Because I am used to it being MY place and it being HIS place. At MY place, things are done MY way and at his place things are done HIS way.

But now, we are learning to adjust our habits to live together, happily, and (hopefully) relatively neatly.

It’s a bigger learning curve for ME more than anything. Because I am far too particular. Too uptight. Too effing type A for my own good. So I felt like I ruined the night with my snippy grumpiness when all I really wanted was to spend a beautiful evening with M.

And what made me feel worse when I apologized for being a jerk?

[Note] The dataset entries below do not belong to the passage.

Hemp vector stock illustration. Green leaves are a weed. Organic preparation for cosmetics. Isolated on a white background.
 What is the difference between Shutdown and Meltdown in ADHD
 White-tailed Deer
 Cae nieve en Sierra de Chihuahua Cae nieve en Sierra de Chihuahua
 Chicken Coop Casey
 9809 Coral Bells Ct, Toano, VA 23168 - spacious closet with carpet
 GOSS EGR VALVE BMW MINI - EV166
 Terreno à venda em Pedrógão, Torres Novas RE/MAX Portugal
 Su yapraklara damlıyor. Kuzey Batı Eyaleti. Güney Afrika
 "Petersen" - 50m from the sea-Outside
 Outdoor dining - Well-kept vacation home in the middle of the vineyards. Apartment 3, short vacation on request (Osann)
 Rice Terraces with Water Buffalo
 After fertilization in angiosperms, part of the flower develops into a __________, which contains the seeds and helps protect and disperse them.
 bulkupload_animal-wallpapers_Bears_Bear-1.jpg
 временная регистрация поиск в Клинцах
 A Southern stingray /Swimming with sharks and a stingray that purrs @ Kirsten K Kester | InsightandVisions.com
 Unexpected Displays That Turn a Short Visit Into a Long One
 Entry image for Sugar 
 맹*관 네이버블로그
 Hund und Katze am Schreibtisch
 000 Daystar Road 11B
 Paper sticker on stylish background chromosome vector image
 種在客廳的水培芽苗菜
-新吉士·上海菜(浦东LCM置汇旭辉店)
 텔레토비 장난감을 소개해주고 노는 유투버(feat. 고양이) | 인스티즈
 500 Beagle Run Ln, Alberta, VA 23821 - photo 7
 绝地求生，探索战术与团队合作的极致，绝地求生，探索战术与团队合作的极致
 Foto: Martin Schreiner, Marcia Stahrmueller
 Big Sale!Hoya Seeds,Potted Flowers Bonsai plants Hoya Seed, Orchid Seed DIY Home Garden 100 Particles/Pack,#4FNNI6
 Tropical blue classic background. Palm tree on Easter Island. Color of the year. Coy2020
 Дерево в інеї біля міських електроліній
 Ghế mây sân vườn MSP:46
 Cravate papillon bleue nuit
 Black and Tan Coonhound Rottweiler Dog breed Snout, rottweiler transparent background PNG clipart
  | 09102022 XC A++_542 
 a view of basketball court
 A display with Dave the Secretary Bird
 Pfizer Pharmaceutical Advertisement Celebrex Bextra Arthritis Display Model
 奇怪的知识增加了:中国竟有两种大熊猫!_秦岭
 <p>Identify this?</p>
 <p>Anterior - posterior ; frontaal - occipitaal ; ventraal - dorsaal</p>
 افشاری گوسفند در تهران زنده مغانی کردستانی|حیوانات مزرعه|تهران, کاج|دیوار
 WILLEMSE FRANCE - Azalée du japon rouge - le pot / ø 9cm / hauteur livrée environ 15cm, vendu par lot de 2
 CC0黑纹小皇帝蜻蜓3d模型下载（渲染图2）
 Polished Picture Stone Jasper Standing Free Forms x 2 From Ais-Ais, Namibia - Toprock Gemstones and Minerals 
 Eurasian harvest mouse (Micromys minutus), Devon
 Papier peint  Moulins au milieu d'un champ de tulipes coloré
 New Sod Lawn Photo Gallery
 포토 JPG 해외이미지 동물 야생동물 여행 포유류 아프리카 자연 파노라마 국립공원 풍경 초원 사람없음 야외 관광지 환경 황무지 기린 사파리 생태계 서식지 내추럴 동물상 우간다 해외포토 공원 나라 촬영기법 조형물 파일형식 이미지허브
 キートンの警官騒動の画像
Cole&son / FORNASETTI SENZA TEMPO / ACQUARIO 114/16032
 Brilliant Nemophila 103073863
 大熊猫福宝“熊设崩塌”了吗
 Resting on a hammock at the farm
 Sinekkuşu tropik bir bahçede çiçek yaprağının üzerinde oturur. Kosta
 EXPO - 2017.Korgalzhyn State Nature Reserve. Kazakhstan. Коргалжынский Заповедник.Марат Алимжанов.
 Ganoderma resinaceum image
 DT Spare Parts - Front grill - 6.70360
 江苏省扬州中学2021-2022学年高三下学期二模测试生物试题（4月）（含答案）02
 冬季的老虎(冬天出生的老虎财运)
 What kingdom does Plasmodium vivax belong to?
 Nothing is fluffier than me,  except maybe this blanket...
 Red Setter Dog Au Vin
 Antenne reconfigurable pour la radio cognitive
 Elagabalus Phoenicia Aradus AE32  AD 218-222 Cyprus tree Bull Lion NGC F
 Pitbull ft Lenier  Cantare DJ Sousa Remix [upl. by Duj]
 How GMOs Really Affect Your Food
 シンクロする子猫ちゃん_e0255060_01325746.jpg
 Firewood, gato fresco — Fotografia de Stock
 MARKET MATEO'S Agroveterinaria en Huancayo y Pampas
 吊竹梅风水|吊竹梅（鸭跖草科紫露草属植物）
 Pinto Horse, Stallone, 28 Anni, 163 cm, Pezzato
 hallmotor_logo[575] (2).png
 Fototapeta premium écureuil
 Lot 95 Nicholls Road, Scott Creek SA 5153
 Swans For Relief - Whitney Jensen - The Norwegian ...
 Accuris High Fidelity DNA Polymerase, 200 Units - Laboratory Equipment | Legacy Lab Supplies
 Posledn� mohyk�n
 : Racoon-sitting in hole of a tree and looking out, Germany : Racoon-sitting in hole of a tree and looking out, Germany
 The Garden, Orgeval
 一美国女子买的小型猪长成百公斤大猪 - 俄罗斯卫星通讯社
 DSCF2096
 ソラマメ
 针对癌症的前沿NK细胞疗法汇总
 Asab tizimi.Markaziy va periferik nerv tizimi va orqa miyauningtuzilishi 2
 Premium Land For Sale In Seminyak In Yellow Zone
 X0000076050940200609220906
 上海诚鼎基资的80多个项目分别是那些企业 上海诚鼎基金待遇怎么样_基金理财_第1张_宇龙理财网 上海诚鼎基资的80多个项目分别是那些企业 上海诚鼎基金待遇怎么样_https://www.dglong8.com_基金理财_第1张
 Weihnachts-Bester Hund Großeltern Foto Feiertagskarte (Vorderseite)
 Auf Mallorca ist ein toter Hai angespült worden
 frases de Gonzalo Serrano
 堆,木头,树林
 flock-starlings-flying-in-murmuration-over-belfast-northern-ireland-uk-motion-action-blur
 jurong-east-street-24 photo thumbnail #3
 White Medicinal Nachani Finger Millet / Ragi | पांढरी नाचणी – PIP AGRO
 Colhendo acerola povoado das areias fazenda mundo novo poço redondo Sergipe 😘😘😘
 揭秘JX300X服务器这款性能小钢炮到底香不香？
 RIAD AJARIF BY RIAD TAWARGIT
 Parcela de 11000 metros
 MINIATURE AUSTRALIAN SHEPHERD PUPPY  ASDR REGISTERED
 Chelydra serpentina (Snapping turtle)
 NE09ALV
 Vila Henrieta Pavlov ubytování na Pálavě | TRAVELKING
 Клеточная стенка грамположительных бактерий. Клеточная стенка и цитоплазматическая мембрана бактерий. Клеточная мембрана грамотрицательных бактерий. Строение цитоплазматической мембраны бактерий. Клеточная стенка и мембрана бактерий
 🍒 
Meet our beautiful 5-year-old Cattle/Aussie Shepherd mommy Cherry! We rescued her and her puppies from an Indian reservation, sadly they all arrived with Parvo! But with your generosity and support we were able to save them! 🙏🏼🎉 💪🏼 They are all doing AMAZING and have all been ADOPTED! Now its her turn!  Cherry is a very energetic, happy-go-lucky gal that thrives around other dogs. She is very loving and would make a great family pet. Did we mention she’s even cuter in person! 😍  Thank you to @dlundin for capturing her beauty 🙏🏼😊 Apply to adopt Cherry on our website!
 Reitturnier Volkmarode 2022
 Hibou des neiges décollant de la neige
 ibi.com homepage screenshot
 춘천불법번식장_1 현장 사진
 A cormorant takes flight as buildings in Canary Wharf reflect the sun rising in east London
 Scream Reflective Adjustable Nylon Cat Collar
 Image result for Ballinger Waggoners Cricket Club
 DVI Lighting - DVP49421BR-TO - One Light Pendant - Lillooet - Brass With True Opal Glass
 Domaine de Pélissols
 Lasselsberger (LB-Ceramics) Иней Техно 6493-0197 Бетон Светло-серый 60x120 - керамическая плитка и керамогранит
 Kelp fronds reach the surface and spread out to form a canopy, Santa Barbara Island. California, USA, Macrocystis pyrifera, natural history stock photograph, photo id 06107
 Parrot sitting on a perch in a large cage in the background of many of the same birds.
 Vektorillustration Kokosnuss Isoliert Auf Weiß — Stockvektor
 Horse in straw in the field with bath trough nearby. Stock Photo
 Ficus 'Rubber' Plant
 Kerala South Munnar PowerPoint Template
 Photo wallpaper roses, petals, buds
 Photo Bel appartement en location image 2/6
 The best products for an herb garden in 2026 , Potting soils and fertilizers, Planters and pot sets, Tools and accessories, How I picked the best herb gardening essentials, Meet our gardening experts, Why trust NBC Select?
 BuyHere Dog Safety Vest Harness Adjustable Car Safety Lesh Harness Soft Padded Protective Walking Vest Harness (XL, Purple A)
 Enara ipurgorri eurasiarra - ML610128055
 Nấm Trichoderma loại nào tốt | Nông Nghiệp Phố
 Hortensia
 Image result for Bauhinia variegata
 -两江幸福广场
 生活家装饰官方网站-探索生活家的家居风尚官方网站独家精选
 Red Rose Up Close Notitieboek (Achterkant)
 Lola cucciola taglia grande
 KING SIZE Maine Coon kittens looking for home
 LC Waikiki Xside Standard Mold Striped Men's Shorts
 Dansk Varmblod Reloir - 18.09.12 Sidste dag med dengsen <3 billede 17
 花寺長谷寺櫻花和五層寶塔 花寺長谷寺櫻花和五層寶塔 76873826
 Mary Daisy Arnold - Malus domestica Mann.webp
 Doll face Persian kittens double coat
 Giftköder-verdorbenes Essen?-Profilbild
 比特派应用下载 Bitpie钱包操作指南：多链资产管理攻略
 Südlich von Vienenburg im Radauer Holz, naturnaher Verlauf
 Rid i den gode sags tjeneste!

M wasn’t even fazed by it in the slightest. He barely noticed (I’m sure he was also being nice in saying he didn’t notice, but this is a habit I do NOT want to fall into. I do NOT want to put my tendencies on him in such a way that it feels forced or required for me to be happy).

I need to adjust to a happy medium. I need to learn that it’s okay if there are a few things lying about. They’ll get taken care of. Doesn’t mean it has to be done rightnowthissecond, either.

So…I guess we’re learning. Or rather, I’m learning. That I’m still shitty at compromise and ‘my way or the highway’ has gotta go, in some capacity at least. I’m sure I’m beating myself up a bit more than I should. But I’m just mad at myself for letting my need for neatness affect my mood and therefore our evening together last night.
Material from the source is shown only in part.